Book Synopsis The Less Noble Sex by : M. Jeanne Peterson
Download or read book The Less Noble Sex written by M. Jeanne Peterson and published by Indiana University Press. This book was released on 1989-05-22 with total page 504 pages. Available in PDF, EPUB and Kindle. Book excerpt: Physically frail, badly educated girls, brought up to lead useless lives as idle gentlewomen, married to dominant husbands, and relegated to "separate spheres" of life—these phrases have often been used to describe Victorian upper-middle-class women. M. Jeanne Peterson rejects such formulations and the received wisdom they embody in favor of a careful examination of Victorian ladies and their lives. Focusing on a network of urban professional families over three generations, this book examines the scope and quality of gentlewomen's education, their physical lives, their relationship to money, their experience of family illness and death, and their relationships to men (brothers and friends as well as fathers and husbands). Peterson also examines the prominent place of work in the lives of these "leisured" Victorian ladies, both single and married.
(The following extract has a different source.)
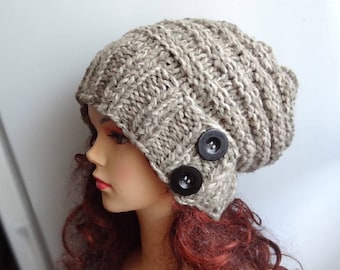 Slouchy Mütze Slouchy Beanie Knopf Mütze Handgestrickt Winter Damen Mütze Winter DamenMütze Super Chunky Weihnachten Geschenk Unisex Slouchy Beanie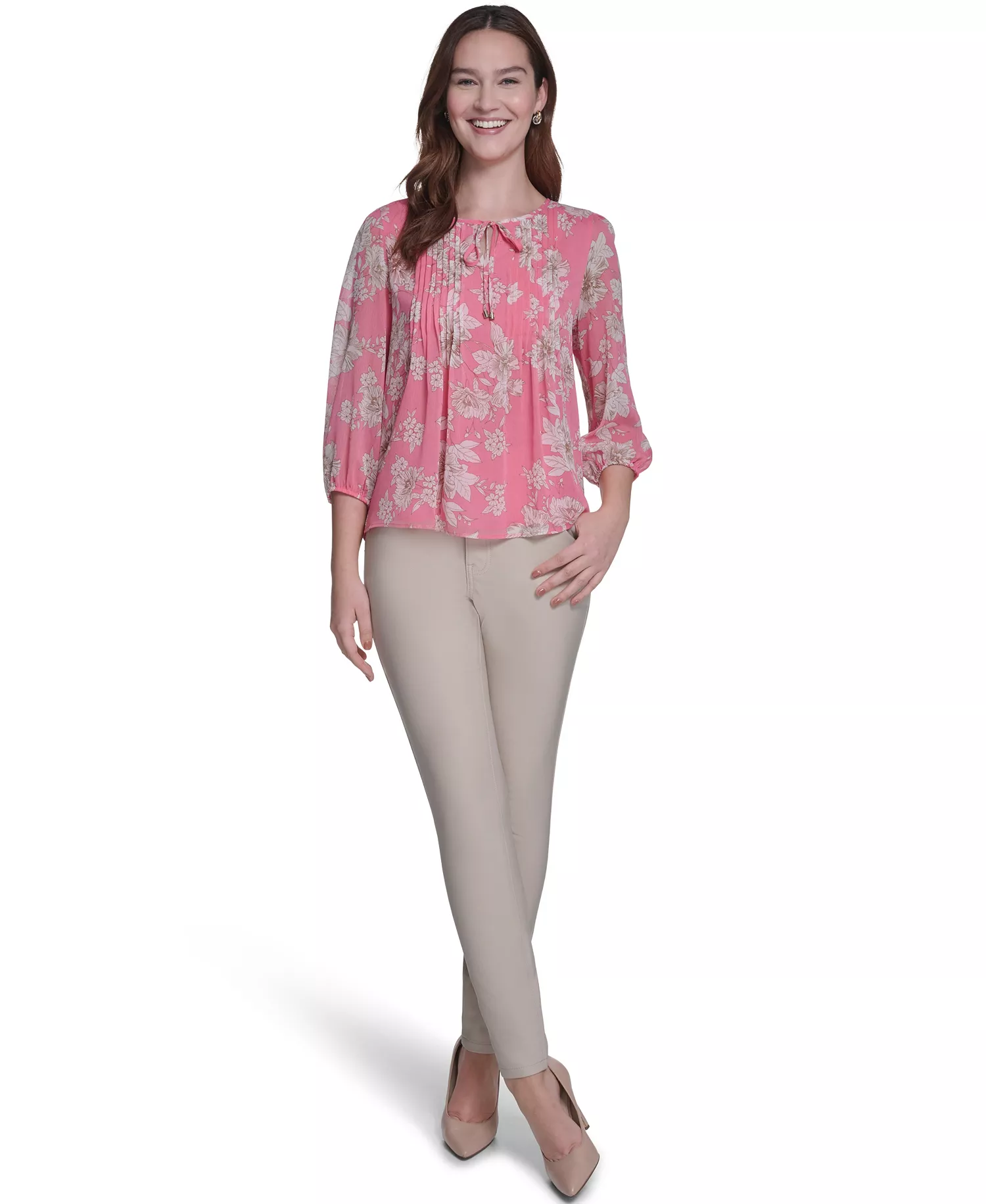 Women's Floral Pintuck V-Neck Blouse - Pink Tulip Multi - L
Far from idle, the mothers, wives, and daughters of Victorian clergymen, doctors, lawyers, university dons, and others were accomplished and productive members of society who made substantial public and private contributions to virtually every sphere of Victorian life.
Book Synopsis The Specter of Sex by : Sally L. Kitch
Download or read book The Specter of Sex written by Sally L. Kitch and published by State University of New York Press. This book was released on 2009-08-06 with total page 327 pages. Available in PDF, EPUB and Kindle. Book excerpt: Top Three Finalist for the 2010 John Hope Franklin Publication Prize presented by the American Studies Association Theories of intersectionality have fundamentally transformed how feminists and critical race scholars understand the relationship between race and gender, but are often limited in their focus on contemporary experiences of interlocking oppressions. In The Specter of Sex, Sally L. Kitch explores the "backstory" of intersectionality theory—the historical formation of the racial and gendered hierarchies that continue to structure U.S. culture today. Kitch uses a genealogical approach to explore how a world already divided by gender ideology became one simultaneously obsessed with judgmental ideas about race, starting in Europe and the English colonies in the late seventeenth century. Through an examination of religious, political, and scientific narratives, public policies and testimonies, laws, court cases, and newspaper accounts, The Specter of Sex provides a rare comparative study of the racial formation of five groups—American Indians, African Americans, Latinos, Asian Americans, and European whites—and reveals gendered patterns that have served white racial dominance and repeated themselves with variations over a two-hundred-year period.
Book Synopsis Women and Science by : Suzanne Le-May Sheffield
Download or read book Women and Science written by Suzanne Le-May Sheffield and published by Rutgers University Press. This book was released on 2006 with total page 448 pages. Available in PDF, EPUB and Kindle. Book excerpt: From Maria Winkelman's discovery of the comet of 1702 to the Nobel Prize-winning work of twentieth-century scientist Barbara McClintock, women have played a central role in modern science. Their successes have not come easily, nor have they been consistently recognized. This book examines the challenges and barriers women scientists have faced and chronicles their achievements as they struggled to attain recognition for their work in the male-dominated world of modern science.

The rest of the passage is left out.